東京のような近代的な町にあれば、アートっぽく見える建物なのだろうが、古代のかほりがするシラクーサで見ると、宇宙人の交信用アジトにしか見えない(マジに考えれば、アジトって隠れ家だから、こんなに目立つ場所に作るわけないけどね!)。町全体の雰囲気を大事にする傾向のあるイタリア人が、このような建築物を容認しているのは何とも不思議だ。もしかしたら、古代文明って、オカルトとの相性がいいから、わざとオカルトチックな建物にしたのであれば、スゴイ想像力だ。

で、ようやくたどり着いたよ、ギリシア劇場っ!

シラクーサ

「ようこそニャー」と出迎えてくれた猫ちゃん。
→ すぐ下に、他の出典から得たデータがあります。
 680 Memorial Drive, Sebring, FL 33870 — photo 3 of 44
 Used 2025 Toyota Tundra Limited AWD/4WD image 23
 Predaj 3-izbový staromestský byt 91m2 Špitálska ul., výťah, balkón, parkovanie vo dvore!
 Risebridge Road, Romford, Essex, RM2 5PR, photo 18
見ての通り、地球の歩き方を放り出して、猫の写真を必死に撮影している私の影が写っている。歩いて疲れたのと暑いのとで、頭がボーっとして、わけもわからずこの猫ちゃんの写真を撮ったのをぼんやりと覚えている。

ギリシア劇場もディオニュソスの耳も、「ネアポリス考古学公園」内に含まれるので、共通切符となる。我々は、昨日、ベッローモ宮州立美術館で、ベッローモ宮州立美術館、ネアポリス考古学公園、パオロ・オルシ考古学博物館の全部の共通券を買っておいたからタダで入れるよ(騙されるな。共通券を買ってるんだからタダではない)。
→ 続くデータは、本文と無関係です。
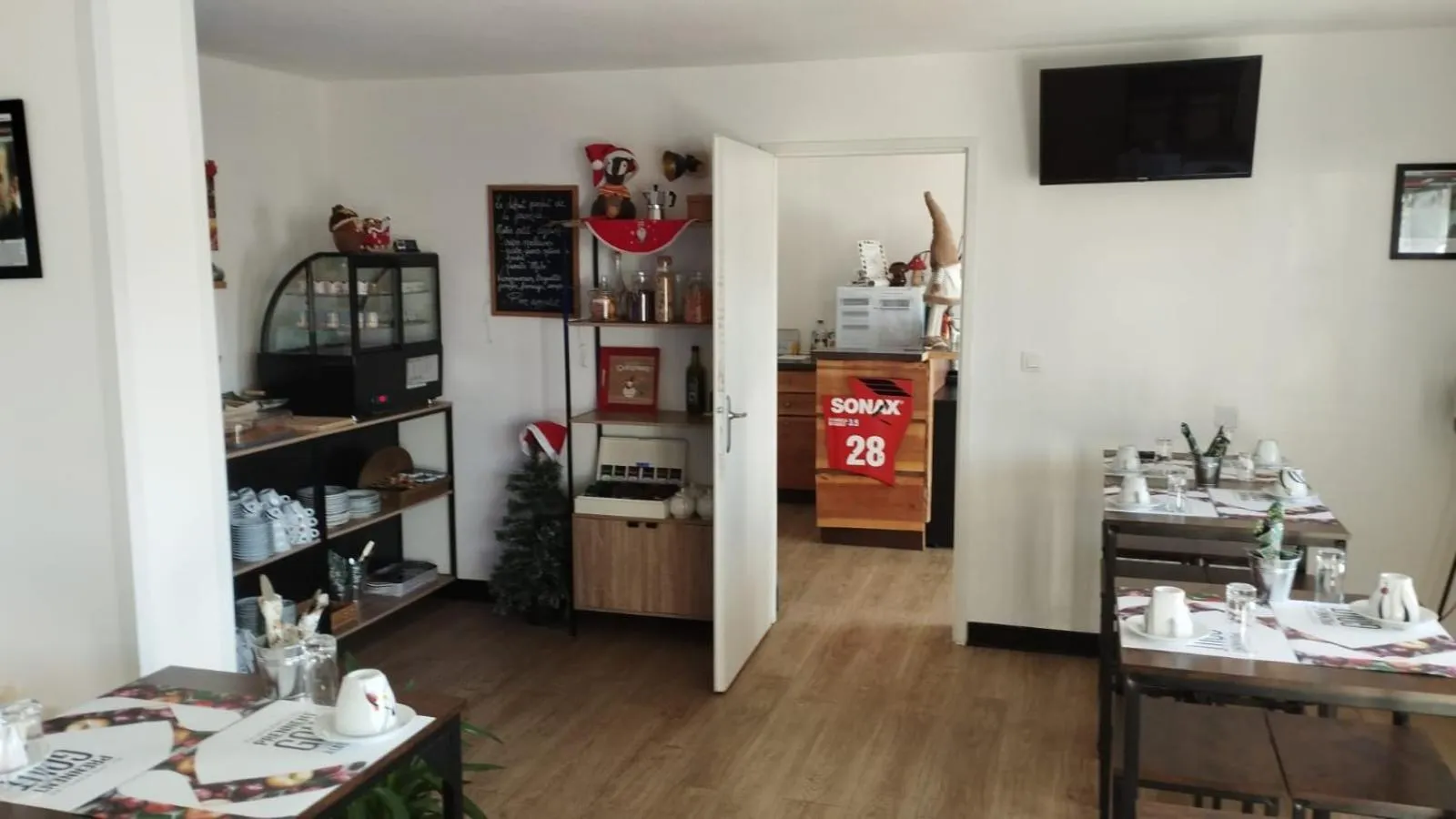 Coffee/tea facilities in Enzo Hotels Loudeac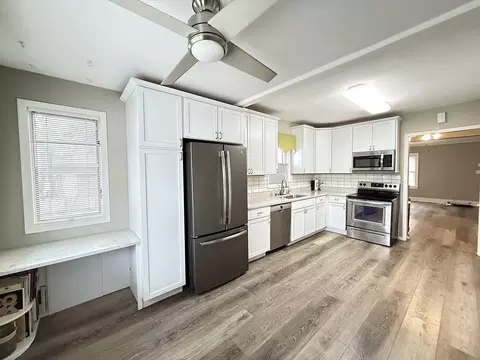 Kitchen - 206 N 9th St, Montevideo, MN 56265 photo 3 of 8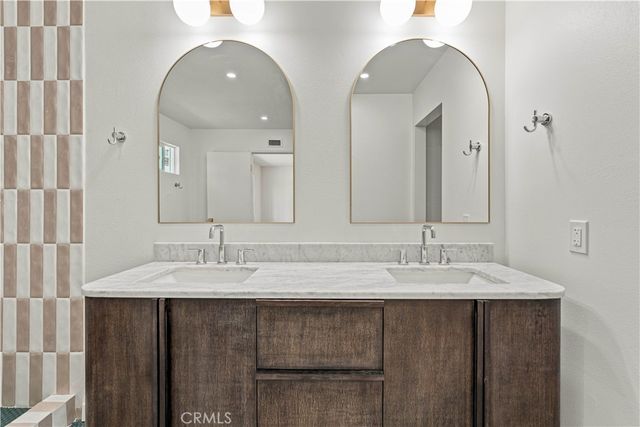 3070 Springfield, Simi Valley, CA 93063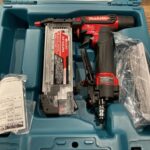 高圧仕上釘打機 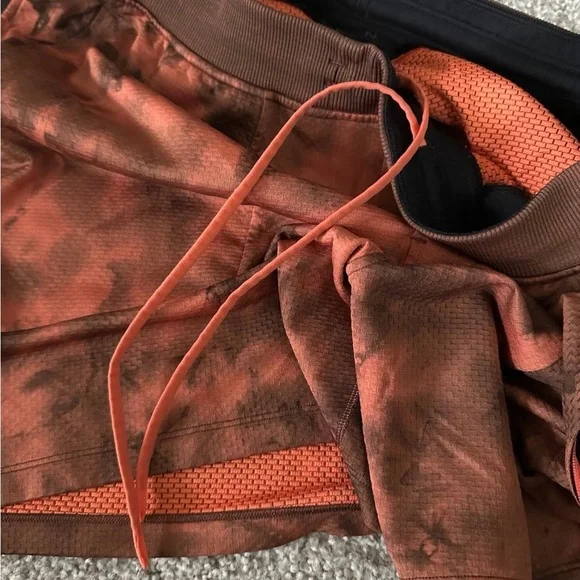 Lululemon Textured Tech Short 7" Diamond Dye Warm Coral Seared Grey - Picture 3 of 4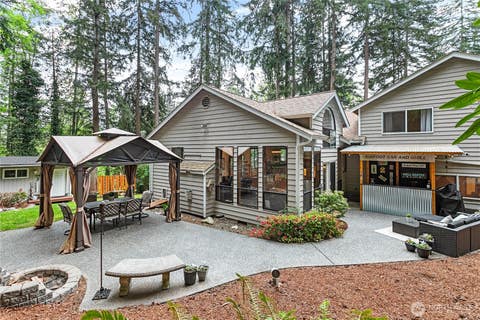 Photo of 2336 Northshore Road, Bellingham, WA 98226 (MLS # 2561431)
入り口のところで、道は二つに分かれていて、左に行けばギリシア劇場、右に行けば耳である。どっちから行く?劇場からにしようっ!

シラクーサ

ギリシア劇場にたどり着く前にトイレがあった。シーズンオフで人が少ないためかもしれないが、これはいいトイレであった。清潔で何も問題なし。トイレ大事なので、一応報告しておくよっ!
そしてギリシア劇場…。

シラクーサ

おおおっ!これは雄大っ!大ギリシアの首都って感じっ!(意味不明)工事中なのが、ちとだけ残念だね。でも工事必要。

シラクーサ

こちらは正面から見た図。このギリシア劇場は今でも、夏には劇の野外公演や、コンサートに利用されているらしい。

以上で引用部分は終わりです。